Anne-Marie Derèse, La Belle me hante, poèmes, ill.de Michel Cliquet, préface d’Anne-Michèle Hamesse, éd. Le Coudrier, 114 p.,18 €, 2020.

Des poèmes somptueux  à l’image de la forêt d’automne, couleur feuille morte, et que le vent emporte…comme nos amours, si l’on respecte la tradition, et la chanson de Prévert. Mais  Anne-Marie nous entraîne vers de tout autres horizons, comme Anne-Michèle Hamesse l’a bien compris dans sa préface: celui des femmes qui courent avec les loupes, de ces femmes sauvages qui dans l’Antiquité formaient le cortège de Bacchus, le dieu du vin et de la déraison. Ou plutôt de l’autre raison, car il y en a plusieurs, et celle des sorcières n’est pas celle du Grand Inquisiteur.

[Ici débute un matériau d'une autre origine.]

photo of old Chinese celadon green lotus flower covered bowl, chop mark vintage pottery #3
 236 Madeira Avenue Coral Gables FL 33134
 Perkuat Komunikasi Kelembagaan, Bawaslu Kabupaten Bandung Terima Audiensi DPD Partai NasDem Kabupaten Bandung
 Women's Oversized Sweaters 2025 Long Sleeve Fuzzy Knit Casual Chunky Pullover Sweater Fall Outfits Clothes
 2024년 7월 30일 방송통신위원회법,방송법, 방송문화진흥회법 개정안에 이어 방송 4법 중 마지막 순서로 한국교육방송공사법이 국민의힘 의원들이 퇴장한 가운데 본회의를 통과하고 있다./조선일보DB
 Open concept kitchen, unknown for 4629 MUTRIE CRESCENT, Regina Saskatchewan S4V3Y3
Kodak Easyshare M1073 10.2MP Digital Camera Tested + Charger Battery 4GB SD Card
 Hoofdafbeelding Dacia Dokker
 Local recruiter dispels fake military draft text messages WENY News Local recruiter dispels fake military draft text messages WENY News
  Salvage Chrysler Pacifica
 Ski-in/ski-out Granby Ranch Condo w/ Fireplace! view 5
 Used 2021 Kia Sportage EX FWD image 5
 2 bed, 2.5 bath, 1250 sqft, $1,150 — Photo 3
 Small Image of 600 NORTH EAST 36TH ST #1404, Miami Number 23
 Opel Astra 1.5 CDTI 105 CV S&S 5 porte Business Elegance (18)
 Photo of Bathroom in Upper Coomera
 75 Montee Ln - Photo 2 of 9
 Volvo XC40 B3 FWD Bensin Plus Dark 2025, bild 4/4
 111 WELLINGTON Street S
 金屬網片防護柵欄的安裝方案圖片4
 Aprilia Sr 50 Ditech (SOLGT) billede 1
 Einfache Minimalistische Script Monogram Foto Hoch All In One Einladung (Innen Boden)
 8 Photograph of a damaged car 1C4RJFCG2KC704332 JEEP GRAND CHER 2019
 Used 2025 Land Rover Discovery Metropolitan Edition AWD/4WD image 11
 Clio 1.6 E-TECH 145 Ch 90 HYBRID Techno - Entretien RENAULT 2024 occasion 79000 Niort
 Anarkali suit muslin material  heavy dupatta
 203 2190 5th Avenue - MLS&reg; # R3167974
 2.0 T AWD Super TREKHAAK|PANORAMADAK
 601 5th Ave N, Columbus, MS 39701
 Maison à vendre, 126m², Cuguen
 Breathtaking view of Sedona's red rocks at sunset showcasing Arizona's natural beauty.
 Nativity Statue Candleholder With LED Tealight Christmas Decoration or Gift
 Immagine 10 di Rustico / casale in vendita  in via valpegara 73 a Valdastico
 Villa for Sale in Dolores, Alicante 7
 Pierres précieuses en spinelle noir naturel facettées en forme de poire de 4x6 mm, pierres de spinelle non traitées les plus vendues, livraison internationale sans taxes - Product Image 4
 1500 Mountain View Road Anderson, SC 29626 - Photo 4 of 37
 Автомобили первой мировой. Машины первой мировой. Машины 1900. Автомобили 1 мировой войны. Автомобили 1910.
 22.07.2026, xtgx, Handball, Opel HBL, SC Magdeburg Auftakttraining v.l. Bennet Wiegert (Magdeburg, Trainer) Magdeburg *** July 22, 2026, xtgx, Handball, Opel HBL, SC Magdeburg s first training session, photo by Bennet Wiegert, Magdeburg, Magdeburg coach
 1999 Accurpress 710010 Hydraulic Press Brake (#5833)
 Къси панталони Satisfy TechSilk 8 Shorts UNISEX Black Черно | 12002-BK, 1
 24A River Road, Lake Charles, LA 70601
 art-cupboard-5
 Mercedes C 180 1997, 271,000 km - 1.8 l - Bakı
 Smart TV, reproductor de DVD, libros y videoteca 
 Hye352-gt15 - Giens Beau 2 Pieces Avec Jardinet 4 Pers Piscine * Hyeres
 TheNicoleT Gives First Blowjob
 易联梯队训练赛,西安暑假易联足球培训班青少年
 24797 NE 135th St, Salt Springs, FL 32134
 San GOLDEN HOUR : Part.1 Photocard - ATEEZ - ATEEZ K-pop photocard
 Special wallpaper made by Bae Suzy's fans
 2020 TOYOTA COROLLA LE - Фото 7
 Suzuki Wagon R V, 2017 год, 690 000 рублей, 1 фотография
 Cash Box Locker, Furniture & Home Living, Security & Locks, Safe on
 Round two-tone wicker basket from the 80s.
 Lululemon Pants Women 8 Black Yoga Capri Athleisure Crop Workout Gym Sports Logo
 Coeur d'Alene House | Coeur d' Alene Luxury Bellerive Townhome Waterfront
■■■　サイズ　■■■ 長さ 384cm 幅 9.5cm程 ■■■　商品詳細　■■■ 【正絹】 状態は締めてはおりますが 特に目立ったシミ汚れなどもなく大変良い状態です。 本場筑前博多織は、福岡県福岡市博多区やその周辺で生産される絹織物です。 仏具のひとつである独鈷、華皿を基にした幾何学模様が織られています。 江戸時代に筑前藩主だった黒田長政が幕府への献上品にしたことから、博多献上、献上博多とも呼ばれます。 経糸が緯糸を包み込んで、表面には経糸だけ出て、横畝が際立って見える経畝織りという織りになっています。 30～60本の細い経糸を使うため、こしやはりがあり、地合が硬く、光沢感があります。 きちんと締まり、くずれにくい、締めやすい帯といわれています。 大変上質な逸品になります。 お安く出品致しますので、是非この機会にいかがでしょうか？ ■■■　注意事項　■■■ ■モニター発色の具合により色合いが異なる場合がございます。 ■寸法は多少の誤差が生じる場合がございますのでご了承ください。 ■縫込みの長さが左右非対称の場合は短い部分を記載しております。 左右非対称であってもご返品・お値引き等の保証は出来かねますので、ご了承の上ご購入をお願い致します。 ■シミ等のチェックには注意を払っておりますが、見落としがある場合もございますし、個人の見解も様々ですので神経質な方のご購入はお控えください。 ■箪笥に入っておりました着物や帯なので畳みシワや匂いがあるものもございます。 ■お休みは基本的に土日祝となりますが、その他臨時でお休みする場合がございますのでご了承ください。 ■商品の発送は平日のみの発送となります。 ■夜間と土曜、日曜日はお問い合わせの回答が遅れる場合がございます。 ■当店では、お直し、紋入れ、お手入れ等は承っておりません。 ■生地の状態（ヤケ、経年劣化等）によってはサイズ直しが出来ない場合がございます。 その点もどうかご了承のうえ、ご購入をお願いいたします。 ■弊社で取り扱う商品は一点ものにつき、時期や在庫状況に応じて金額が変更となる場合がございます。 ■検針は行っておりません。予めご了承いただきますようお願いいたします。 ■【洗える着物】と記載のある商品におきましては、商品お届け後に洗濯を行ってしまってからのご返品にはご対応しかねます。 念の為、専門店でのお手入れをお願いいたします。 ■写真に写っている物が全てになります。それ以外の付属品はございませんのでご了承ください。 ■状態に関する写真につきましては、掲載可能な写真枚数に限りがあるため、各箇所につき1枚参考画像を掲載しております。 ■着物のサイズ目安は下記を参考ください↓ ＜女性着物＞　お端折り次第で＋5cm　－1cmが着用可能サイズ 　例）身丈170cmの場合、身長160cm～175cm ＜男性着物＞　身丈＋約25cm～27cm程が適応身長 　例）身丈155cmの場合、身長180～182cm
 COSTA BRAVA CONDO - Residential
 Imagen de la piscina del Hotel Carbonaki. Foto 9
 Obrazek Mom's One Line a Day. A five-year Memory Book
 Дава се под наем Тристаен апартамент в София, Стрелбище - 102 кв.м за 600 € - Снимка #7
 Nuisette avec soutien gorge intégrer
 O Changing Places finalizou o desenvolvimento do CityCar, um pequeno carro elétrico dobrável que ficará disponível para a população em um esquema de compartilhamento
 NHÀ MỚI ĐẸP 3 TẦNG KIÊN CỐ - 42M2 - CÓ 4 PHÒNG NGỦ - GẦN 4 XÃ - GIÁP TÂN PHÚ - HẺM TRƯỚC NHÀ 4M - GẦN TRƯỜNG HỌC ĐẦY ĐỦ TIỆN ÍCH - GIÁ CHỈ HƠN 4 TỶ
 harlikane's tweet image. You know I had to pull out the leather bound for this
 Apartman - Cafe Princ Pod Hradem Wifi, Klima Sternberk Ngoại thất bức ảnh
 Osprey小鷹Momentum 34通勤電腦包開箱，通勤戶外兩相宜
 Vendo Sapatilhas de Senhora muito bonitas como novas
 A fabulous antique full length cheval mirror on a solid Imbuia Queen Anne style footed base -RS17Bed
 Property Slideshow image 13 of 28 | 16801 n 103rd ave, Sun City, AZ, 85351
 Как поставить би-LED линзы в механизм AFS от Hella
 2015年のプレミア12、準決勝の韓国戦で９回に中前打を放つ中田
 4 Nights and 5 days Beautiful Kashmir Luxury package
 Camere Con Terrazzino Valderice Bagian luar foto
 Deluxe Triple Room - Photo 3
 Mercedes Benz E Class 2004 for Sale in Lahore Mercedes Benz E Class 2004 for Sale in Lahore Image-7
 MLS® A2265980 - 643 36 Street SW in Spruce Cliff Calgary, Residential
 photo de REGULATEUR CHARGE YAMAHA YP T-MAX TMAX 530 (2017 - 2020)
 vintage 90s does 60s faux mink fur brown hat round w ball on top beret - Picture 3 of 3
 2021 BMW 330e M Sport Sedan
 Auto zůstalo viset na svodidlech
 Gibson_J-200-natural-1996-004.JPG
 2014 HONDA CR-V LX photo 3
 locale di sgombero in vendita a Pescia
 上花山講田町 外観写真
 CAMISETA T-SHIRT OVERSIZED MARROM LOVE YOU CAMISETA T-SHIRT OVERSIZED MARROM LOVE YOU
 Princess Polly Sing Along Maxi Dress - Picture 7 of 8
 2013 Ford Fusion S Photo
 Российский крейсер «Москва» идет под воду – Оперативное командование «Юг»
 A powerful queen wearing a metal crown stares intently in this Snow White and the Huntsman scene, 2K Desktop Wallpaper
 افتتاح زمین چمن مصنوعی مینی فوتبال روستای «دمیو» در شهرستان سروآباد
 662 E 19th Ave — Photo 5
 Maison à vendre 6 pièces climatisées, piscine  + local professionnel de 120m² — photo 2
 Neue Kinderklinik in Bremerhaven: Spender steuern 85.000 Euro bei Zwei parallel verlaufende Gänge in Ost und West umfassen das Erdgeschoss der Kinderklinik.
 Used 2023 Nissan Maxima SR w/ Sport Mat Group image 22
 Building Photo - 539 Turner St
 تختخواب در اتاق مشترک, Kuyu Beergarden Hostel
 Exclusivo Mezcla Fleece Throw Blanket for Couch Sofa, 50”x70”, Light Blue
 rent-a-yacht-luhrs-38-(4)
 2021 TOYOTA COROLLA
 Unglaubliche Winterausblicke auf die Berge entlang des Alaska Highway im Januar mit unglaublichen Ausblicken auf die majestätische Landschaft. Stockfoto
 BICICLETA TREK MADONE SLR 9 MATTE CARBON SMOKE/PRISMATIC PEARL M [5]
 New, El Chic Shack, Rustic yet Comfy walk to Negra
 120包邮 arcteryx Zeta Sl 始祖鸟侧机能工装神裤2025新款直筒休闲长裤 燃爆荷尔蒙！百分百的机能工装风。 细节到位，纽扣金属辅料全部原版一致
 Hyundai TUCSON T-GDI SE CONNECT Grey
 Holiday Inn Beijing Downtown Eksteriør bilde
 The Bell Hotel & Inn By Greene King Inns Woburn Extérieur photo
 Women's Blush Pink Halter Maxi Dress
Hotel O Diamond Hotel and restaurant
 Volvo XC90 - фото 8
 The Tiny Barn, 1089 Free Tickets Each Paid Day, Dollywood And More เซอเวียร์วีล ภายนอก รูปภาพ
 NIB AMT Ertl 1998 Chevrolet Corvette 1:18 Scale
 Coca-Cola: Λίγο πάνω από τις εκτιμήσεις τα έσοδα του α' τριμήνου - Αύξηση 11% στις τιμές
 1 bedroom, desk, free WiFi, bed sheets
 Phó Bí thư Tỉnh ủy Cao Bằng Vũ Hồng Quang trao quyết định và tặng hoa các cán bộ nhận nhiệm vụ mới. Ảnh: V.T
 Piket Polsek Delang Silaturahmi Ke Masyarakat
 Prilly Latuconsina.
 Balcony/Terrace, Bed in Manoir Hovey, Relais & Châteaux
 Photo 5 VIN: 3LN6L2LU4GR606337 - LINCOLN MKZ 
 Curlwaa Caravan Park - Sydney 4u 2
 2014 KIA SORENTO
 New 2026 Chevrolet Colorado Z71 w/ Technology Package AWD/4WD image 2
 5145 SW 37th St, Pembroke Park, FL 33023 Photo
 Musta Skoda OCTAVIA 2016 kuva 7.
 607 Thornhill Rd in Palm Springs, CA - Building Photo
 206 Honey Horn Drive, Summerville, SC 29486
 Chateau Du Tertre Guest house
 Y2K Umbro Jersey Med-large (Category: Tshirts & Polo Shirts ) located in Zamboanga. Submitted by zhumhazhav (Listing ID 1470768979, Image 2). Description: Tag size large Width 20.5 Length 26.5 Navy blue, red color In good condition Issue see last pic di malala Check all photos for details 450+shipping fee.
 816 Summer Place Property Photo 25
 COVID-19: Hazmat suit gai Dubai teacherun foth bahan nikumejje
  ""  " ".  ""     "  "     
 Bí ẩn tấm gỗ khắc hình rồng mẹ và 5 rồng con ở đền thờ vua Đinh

Ma main devient patte de velours
Avec griffes déchirant le gant.
Epaisseur des mains qui se couvrent
d’un duvet roux,
Mes ongles s’allongent, se courbent,
deviennent des griffes effilées,
torturantes,
Je suis la bête
revenue d’une forêt hantée,
hurlant sa solitude, hurlant sa faim,
Suis-je la belle qui me hante
ou monstre berçant son désir?
Un monstre à peine sevré, vorace,
incompris, sa tête tragique
sur un sein de lait.
Suis-je la belle allaitant la bête,
une bête si douce
aux yeux d’enfant?

Et c’est le visage de Jean Marais, dans sa rayonnante tristesse et sa fière animalité. C’est le film de Jean Cocteau. Cette notion, cette image, plutôt, de la hantise, de ces lieux pareils aux forêts de Thrace, résonnant du cri d’Evohé, des chants et danses des satyres et silènes. N’oublions pas que la tragédie est née de ces chants alternés, que Phèdre, Antigone et les Erinyes réconciliatrices sont déjà dans ces cris, dans ces chants. Et quand Aragon chante, pour sa part: mon bel amour, ma déchirure, c’est toujours là que nous en sommes, et le terme de « déchirure » doit être pris au sens fort, c’est plus qu’une simple métaphore.
Hanter, c’est aussi habiter, en parlant des maisons, royales ou forestières, revenir tard, longtemps après, et bien souvent. C’est une leçon qu’Anne-Marie Derèse n’oubliera pas, et elle en fera, au niveau de l’expression, un usage à la fois abondant et précis: La bête me hante, Son regard me hante, La belle qui te hante; Elle est en toi, la bête qui te hante. N’oublions pas non plus qu’il y a dans la Bête cette double face, celle de douleur et celle de douceur, que Jean Marais traduisait si bien. Rien d’étonnant donc si l’Amour se présente à nous, comme Janus, avec un double visage: celui de la tendresse, et celui de l’absence, qui est bien la pire des souffrances.

La bête pleure,
sa fourrure n’a plus l’éclat du vivant,
la bête n’a plus la férocité des étoiles,
elle est vide, tombée sur le sol,
une peau pour une autre beauté,

Une beauté morte
pour le talon des femmes
enfermées dans le sérail.

Pour la nostalgie et la peur,
pour la belle qui se noie
dans l’espace transparent d’un regard.

Des vers dignes des tapisseries des chasses royales, quand la forêt prend ses couleurs fauves, juste avant que l’hiver survienne.